Recorded data
§ §
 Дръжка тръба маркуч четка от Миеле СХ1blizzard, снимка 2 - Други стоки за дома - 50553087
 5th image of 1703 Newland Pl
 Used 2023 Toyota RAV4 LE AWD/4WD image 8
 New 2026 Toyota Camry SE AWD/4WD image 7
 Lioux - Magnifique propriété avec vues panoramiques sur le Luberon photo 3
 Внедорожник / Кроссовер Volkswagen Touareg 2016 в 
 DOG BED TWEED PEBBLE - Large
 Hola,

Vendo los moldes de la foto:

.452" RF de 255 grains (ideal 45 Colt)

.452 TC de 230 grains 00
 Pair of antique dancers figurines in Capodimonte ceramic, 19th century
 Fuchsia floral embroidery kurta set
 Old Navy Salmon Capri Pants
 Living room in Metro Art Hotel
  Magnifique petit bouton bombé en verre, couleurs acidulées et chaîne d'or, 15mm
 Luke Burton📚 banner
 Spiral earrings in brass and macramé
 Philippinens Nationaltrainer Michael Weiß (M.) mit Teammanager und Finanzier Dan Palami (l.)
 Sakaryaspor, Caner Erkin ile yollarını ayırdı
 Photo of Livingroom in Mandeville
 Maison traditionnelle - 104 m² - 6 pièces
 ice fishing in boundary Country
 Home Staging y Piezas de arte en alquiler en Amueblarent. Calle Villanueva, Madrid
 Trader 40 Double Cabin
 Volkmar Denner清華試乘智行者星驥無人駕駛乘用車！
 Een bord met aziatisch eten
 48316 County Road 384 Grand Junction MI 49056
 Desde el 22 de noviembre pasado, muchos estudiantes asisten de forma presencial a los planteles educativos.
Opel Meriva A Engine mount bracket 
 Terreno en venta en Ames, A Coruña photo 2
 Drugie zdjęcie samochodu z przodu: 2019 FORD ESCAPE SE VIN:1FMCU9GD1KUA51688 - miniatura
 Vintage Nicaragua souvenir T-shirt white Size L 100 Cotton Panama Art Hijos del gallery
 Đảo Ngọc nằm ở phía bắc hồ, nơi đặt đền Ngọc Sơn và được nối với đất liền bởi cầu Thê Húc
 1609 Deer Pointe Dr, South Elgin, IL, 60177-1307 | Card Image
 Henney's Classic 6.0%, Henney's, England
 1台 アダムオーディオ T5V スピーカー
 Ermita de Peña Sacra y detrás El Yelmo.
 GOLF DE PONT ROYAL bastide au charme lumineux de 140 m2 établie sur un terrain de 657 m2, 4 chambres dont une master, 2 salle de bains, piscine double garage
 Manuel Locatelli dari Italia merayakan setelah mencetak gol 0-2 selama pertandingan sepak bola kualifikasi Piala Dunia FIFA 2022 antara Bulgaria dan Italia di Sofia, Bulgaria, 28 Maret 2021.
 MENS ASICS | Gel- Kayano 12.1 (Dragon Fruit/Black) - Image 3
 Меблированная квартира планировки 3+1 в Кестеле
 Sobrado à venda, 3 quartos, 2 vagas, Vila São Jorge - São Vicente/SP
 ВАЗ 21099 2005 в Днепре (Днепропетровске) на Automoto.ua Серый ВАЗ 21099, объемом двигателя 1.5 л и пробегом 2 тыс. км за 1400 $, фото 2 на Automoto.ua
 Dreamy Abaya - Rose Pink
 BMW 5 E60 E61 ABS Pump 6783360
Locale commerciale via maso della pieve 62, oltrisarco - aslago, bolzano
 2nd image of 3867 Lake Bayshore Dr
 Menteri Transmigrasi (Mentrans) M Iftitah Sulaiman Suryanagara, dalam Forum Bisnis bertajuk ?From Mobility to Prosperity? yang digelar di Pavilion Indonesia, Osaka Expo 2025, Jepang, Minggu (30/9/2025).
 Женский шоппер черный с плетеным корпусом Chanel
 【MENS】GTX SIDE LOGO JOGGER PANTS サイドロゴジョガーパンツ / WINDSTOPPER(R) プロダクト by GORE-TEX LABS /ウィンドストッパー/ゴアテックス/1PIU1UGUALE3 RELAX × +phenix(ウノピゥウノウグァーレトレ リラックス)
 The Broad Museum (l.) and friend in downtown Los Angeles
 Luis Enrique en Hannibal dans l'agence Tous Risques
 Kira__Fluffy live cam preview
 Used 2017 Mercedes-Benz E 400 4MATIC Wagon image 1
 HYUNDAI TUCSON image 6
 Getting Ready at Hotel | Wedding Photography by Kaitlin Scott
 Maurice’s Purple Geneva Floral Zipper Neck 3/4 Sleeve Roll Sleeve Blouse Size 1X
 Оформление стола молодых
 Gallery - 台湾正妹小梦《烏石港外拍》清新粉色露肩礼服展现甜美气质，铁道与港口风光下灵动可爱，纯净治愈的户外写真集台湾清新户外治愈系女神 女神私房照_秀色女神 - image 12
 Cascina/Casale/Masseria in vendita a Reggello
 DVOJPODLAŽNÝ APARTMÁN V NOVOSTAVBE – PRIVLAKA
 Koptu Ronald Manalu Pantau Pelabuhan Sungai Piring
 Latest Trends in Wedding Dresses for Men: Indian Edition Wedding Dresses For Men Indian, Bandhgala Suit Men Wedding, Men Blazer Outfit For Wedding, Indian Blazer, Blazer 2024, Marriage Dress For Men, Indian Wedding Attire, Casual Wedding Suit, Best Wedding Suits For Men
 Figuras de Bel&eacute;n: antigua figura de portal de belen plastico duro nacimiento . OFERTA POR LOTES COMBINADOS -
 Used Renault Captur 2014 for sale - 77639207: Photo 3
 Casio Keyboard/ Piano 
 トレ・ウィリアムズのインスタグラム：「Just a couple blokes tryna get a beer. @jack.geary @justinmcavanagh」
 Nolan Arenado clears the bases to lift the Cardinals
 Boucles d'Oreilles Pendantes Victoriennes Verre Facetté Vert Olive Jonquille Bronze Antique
§ §
# Your goal:
Within the records, the lines containing the string "Size" are to be counted and their number given without comment.

# Output below:
2